このような文脈の中で一括りにされることも多い、「夫婦のみ世帯」と「ひとり暮し世帯」ではあるが、両者に際立った意識の違いはないのだろうか? 「データの小窓」では以前に「高齢おひとりさま」の生活満足度等の生活意識を取り上げたこともある。そこでは、生活に満足し、ゆとりこそないものの格段の経済的心配もない、比較的ポジティブなシニア像が浮かび上がってきた。果たしてそれは虚像なのか?

今回は、東京都保健福祉局による都民対象の調査データから、「夫婦のみ世帯」と「ひとり暮し世帯」の比較を軸に、健康・就業・住居・外出頻度など、客観データを中心に考察してゆきたい。

図1.は健康状態に対する意識に関しての質問。
高齢者全体では、45.5%の方が、「健康状態がよい」(よい、まあよいの合計)と回答しているが、「ひとり暮らし」は全体平均を下回り、「夫婦のみ」ではそれを上回る結果が出た。「夫婦のみ」と「ひとり暮し」の差は10%近くに上る。
「健康状態がよくない」(よくない、あまりよくないの合計)の両者の差は、「よい」ほど開きがないが、それでも「ひとり暮し」が「夫婦のみ」を6.6%上回り、全体平均を上回る結果になっている。
「健康や病気のこと」に不安を覚える単身高齢者は、2002年は82.5%、2014年には58.9%(※)。時系列で見れば、確かに大幅に低下しているものの、「ひとり暮らし」は「夫婦のみ」に比べて、健康面でのハンデをより多く負っていることは否めない。
(※内閣府 一人暮らし高齢者に関する意識調査)

図2.は要介護等認定者数を「全数」「ひとり暮し」「夫婦のみ」で比較したもの。ここでも「ひとり暮し」の認定者率が際立って高く、17%(全国平均は約18%、東京都23区は約17%)。
ここで目立つのは「夫婦のみ」のせたい。要介護等認定者の高齢者に占める割合は、10%を切る「健全な(?)」数字になっている。
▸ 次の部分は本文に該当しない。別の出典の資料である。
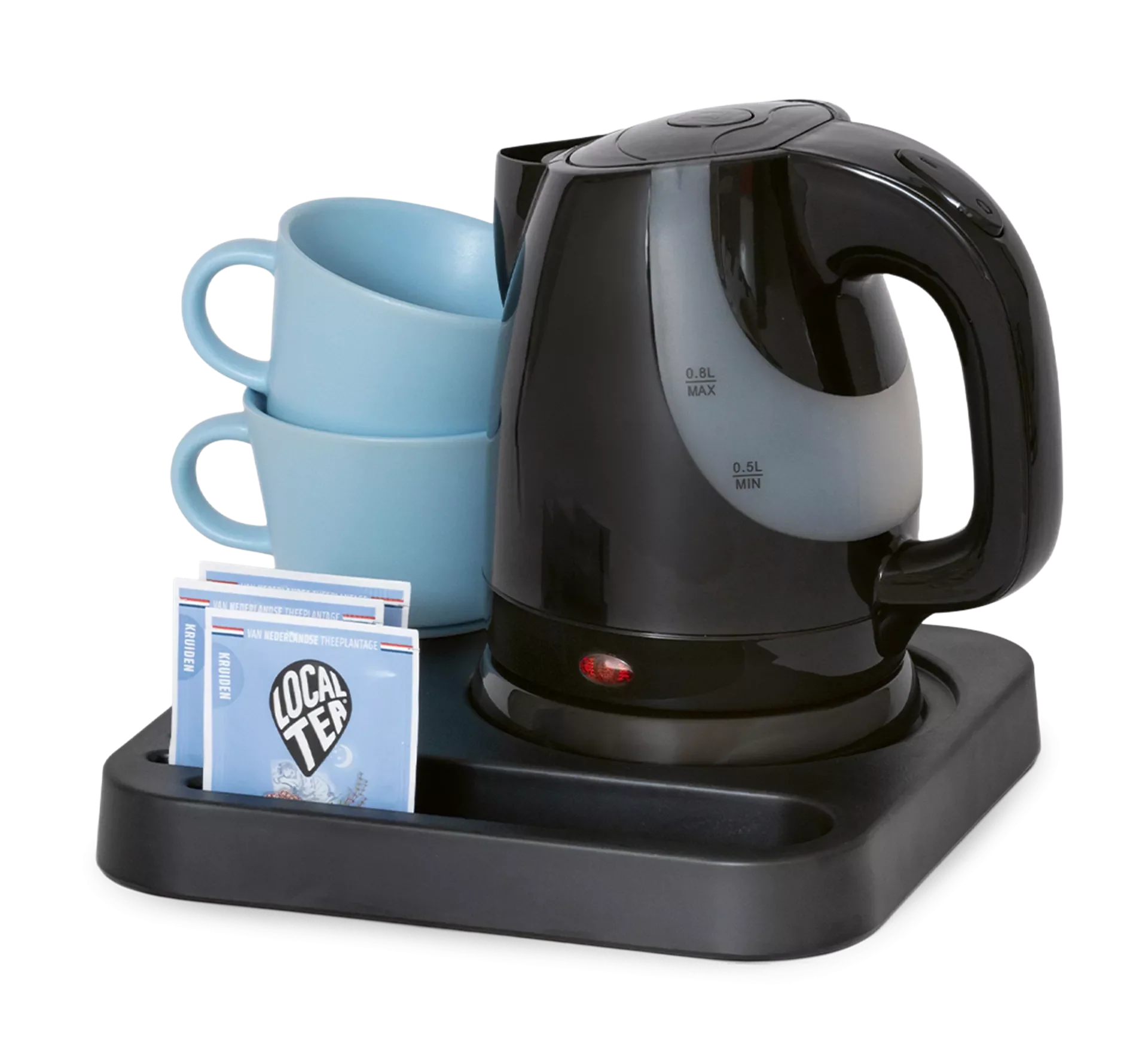 Wasserkocher 0,8L | Schwarz 2200W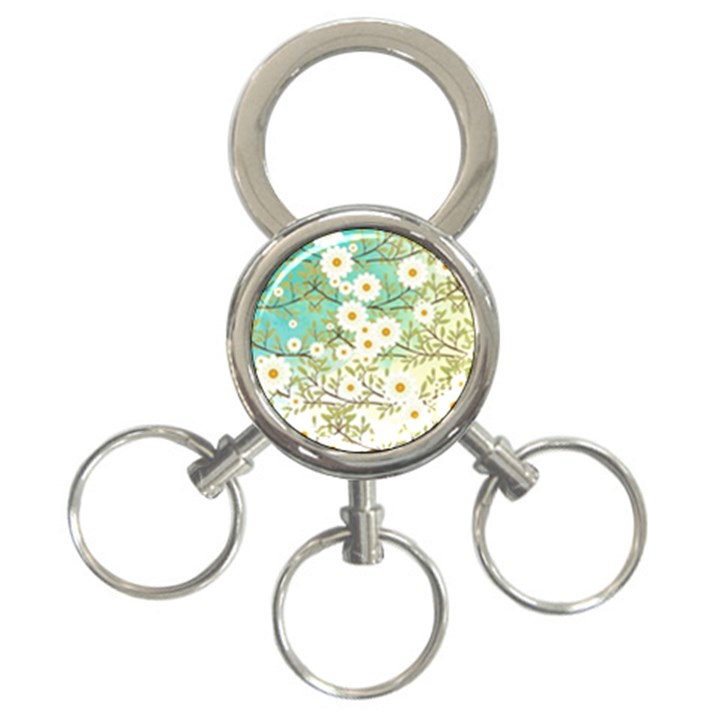 Springtime Scene 3-Ring Key Chains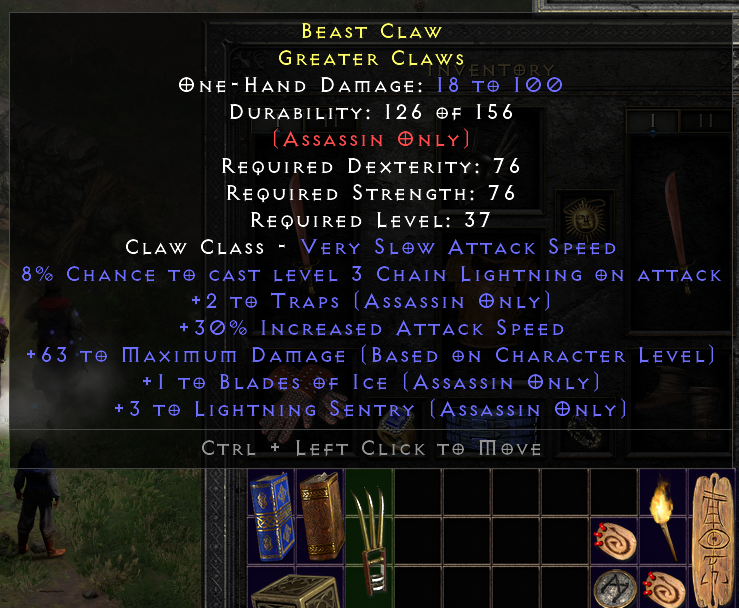 O Ls Ias Rare Trap Claw Topic D Jsp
このデータを見る限り、「夫婦二人で東京に住む高齢者」の要介護リスクは非常に低い。

健康面、介護面とは裏腹に、両者の間で顕著な差が見られなかったのが「就業」(図3.)。
「全数」「ひとり暮し」「夫婦のみ」、それぞれ拮抗した数字になった。あえて健康面、介護面との違いを探せば、「夫婦のみ」「ひとり暮し」ともに、全数を下回っていることぐらい。